A key requirement for the success of supervised deep learning is a large labeled dataset - a condition that is difficult to meet in medical image analysis. Self-supervised learning (SSL) can help in this regard by providing a strategy to pre-train a neural network with unlabeled data, followed by fine-tuning for a downstream task with limited annotations. Contrastive learning, a particular variant of SSL, is a powerful technique for learning image-level representations. In this work, we propose strategies for extending the contrastive learning framework for segmentation of volumetric medical images in the semi-supervised setting with limited annotations, by leveraging domain-specific and problem-specific cues.

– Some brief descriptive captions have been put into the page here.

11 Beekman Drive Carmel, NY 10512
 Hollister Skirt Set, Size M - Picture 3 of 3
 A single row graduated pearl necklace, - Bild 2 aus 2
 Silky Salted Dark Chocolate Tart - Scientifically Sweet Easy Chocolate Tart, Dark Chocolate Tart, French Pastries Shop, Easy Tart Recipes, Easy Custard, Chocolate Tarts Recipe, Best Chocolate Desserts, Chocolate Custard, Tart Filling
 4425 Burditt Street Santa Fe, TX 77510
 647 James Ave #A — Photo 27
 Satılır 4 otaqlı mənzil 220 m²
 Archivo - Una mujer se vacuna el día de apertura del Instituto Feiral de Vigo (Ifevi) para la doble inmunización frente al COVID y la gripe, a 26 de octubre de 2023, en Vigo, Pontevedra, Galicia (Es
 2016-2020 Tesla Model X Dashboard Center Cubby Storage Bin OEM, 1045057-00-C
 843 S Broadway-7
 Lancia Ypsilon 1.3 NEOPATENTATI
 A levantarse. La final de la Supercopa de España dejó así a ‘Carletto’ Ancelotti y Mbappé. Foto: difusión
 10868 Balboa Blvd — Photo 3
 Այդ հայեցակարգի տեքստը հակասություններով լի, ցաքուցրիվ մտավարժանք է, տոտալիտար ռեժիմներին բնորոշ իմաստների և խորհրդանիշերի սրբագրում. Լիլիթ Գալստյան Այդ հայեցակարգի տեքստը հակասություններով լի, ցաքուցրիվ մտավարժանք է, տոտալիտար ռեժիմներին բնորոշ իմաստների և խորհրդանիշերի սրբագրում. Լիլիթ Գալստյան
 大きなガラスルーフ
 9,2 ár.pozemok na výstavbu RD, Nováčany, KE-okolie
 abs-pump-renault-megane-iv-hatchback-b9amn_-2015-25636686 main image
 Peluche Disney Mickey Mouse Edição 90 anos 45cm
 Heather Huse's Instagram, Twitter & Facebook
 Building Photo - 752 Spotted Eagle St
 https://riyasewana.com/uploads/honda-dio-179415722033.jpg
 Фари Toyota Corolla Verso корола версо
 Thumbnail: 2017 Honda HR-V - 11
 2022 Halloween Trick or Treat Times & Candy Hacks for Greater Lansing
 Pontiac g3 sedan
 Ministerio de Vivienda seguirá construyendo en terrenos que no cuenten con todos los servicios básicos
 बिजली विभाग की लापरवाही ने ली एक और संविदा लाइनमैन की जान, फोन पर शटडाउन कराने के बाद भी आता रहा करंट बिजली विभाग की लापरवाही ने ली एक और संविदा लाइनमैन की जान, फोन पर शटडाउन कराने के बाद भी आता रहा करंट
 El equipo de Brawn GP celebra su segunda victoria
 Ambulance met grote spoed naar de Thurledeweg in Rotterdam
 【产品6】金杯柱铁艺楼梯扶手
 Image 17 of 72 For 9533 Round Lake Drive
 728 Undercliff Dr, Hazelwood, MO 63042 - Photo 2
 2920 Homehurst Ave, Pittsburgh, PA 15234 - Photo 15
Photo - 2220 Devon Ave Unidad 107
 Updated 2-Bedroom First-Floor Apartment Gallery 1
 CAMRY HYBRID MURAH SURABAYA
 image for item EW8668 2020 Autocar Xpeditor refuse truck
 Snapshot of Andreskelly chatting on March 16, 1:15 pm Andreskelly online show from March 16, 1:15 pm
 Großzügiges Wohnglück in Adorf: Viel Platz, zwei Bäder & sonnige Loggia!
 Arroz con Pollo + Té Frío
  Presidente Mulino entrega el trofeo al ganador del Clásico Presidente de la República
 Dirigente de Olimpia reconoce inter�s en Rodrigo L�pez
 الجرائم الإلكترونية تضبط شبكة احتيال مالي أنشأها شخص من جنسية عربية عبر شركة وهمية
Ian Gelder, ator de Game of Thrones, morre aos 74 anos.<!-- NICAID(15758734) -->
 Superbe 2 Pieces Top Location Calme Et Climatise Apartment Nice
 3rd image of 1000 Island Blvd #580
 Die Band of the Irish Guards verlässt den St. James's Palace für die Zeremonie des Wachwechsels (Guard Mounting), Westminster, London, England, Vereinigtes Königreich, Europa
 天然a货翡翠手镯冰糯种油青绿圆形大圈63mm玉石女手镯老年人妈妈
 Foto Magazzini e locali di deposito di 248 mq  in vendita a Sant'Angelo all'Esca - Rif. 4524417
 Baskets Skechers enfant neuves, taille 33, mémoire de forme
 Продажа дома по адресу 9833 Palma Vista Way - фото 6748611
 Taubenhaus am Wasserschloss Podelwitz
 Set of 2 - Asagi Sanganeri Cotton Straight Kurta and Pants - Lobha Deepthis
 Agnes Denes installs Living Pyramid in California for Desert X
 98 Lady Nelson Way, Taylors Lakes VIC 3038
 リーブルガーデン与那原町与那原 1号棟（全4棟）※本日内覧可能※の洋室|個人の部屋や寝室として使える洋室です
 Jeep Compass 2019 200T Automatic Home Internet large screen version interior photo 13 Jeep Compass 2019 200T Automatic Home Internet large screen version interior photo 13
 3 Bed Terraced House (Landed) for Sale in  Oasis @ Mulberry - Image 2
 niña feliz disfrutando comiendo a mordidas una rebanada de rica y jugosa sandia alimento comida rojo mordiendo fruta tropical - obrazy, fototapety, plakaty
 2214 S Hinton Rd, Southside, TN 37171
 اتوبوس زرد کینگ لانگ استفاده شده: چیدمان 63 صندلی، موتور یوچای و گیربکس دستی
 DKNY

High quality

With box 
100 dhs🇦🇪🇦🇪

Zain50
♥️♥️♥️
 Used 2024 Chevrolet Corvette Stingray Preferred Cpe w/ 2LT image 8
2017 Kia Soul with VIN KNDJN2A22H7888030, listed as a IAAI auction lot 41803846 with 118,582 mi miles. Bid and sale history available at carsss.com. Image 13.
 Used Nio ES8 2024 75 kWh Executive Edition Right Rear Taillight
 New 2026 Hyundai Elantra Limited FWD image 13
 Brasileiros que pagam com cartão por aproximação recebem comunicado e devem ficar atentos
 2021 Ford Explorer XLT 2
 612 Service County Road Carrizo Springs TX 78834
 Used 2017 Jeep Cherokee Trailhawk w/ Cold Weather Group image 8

Specifically, we propose (1) novel contrasting strategies that leverage structural similarity across volumetric medical images (domain-specific cue) and (2) a local version of the contrastive loss to learn distinctive representations of local regions that are useful for per-pixel segmentation (problem-specific cue). We carry out an extensive evaluation on three Magnetic Resonance Imaging (MRI) datasets. In the limited annotation setting, the proposed method yields substantial improvements compared to other self-supervision and semi-supervised learning techniques. When combined with a simple data augmentation technique, the proposed method reaches within 8% of benchmark performance using only two labeled MRI volumes for training, corresponding to only 4% (for ACDC) of the training data used to train the benchmark.